If a pixel belongs to a hole in the input image (according to the definition of a hole given above), it should be white in the result image.
If a pixel is black in the input image and it belongs to the background (according to the definition of “background” given above), that pixel should be black in the result image.
Your function should be named remove_holes, and should take a single argument, i.e., the binary image that you want to process.
>> result = remove_holes(my_image);
The key idea that makes it easy to identify holes is this: if C is the negation of A (C = ~A, in Matlab), a hole in A is a white connected component in C. The background in A also becomes a white connected component in C, but the label of the background (as returned by bwlabel(C, 4)) will be different than the label of any hole.
The specifications for this function are general and mathematical in nature. Therefore, your function should work for any image, not just the examples provided above. My solution for this task is 16 lines of code. Shorter or longer solutions are also possible.
Task 2 (35 points)
image showing area
of soccer field
image showing locations
of red team players
image showing locations
of blue team players
Write a Matlab function that takes as input the image of a soccer field that is shown above, and produces three images (as shown in the figure above), that illustrate:
In Figure 1: the area of the soccer field.
In Figure 2: the locations of the red players.
In Figure 3: the locations of the blue players.
Your function should be named soccer_analysis, and should take a single argument, the soccer field image that you wish to analyze.
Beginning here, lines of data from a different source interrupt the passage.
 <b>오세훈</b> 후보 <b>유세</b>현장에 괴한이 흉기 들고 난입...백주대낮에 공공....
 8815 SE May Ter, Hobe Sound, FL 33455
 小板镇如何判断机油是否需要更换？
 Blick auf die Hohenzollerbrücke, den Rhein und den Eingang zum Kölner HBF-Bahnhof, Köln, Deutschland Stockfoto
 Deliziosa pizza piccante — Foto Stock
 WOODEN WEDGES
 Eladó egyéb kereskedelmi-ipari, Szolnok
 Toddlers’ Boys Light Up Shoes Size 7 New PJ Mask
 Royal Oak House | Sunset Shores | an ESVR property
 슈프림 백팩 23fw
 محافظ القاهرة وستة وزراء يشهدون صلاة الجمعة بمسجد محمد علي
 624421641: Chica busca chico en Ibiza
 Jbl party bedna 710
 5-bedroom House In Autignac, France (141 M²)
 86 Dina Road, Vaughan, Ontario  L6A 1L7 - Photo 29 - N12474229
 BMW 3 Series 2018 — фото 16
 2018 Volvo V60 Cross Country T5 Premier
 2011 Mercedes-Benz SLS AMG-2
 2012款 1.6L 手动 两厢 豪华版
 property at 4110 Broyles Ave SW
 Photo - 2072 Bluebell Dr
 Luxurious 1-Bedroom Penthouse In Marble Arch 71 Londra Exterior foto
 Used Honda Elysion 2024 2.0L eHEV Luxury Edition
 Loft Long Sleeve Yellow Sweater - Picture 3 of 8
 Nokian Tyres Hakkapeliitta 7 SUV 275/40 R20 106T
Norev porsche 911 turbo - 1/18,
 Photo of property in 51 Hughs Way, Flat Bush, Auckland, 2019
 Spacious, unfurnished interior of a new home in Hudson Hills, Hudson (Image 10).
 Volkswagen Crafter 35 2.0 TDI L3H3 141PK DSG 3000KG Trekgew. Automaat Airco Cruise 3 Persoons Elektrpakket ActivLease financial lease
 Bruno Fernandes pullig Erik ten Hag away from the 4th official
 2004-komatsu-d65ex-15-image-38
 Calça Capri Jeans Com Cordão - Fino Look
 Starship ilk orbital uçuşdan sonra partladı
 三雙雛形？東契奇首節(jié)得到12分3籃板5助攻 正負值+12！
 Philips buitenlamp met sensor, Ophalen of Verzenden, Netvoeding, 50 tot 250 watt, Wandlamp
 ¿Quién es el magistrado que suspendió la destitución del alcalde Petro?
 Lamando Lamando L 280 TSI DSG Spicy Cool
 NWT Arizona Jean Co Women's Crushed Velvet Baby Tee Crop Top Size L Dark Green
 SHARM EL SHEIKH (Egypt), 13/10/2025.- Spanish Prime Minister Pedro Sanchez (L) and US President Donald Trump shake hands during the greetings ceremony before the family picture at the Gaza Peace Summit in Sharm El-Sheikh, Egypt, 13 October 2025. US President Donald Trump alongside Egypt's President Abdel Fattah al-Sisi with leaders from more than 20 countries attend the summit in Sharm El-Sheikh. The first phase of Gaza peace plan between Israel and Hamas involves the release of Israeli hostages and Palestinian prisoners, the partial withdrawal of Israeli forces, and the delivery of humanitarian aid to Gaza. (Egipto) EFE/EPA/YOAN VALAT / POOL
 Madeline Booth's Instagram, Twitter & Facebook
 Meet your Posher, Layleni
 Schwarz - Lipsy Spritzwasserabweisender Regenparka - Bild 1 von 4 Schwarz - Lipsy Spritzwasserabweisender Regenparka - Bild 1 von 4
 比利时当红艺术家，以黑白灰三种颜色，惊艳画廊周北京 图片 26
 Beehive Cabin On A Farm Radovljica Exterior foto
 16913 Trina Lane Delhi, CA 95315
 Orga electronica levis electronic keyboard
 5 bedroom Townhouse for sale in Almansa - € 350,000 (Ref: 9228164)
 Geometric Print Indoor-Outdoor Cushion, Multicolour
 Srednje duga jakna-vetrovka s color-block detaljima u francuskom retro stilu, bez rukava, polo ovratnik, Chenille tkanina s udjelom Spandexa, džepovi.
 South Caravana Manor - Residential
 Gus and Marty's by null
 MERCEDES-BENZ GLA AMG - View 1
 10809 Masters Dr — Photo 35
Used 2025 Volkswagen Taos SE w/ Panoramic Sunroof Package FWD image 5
Your function will only be tested on the soccer field image shown above. That image is a three-channel RGB image, whose values are of type uint8. As long as your solution works well on that image, you will receive full credit.
The function does not return any values, it simply generate the three figures specified above. To generate multiple figures you can use something like:
Your solution should just consist of images like the ones displayed above. You do not need to output anything else (such as number of players, bounding boxes, or anything like that). You are free to use any thresholds you like, and your solution only needs to work on this image. Your results do not need to match the results shown above pixel-by-pixel, but they should be mostly similar. The results shown above identify correctly the regions of eight red players and eleven blue players.
My solution for this task was 16 lines of code (in addition to code written for task 1). Shorter or longer solutions are also possible.
Task 3 (30 points)
image showing the sky area
image showing the ocean area
Write a Matlab function that takes as input the original image shown above, and produces two images (as shown in the figure above), that illustrate:
In Figure 1: the sky area.
In Figure 2: the ocean area.
Your function should be named ocean_segmentation, and should take a single argument, which will be the original image shown above. The input image will be a single-channel grayscale image, whose values are of type uint8. Your function will only be tested on the image shown above. As long as your solution works well on that image, you will receive full credit.
My solution for this task was 14 lines of code (in addition to code written for task 1). Shorter or longer solutions are possible. Your result images are not expected to be identical pixel-by-pixel to the results shown above, but they should be mostly similar.
Things to note
Input images for tasks 2 and 3, and example input and output images for all tasks can be found at the data directory, and can also be downloaded as a zip file.
For task 1, the solution should work for any binary image.
There is no single unique answer for tasks 2 and 3. Just make sure your solution looks reasonable.
For tasks 2 and 3, your solution only needs to work for the input image specified for each task.
For tasks 2 and 3, feel free to combine any morphological operations, convolutions, thresholding, or any other computer vision-based techniques you can think of to obtain the desired result.
How to submit
Submissions are only accepted via Blackboard. Submit a file called assignment2.zip, containing the following files:
The Matlab source files implementing your solutions to the programming tasks.
Any additional Matlab source files that are needed to run your code. If your code needs any code files available on the course website, please include those files with your submission.
A README.txt file containing the name and UTA ID number of the student. No other information is needed for README.txt.
We try to automate the grading process as much as possible. Not complying precisely with the above instructions and naming conventions causes a significant waste of time during grading, and thus points will be taken off for failure to comply, and/or you may receive a request to resubmit.
Please only include source code in your submissions. Do not include data files.
Code must run in Matlab version 2018b.
The submission should be a ZIP file. Any other file format will not be accepted.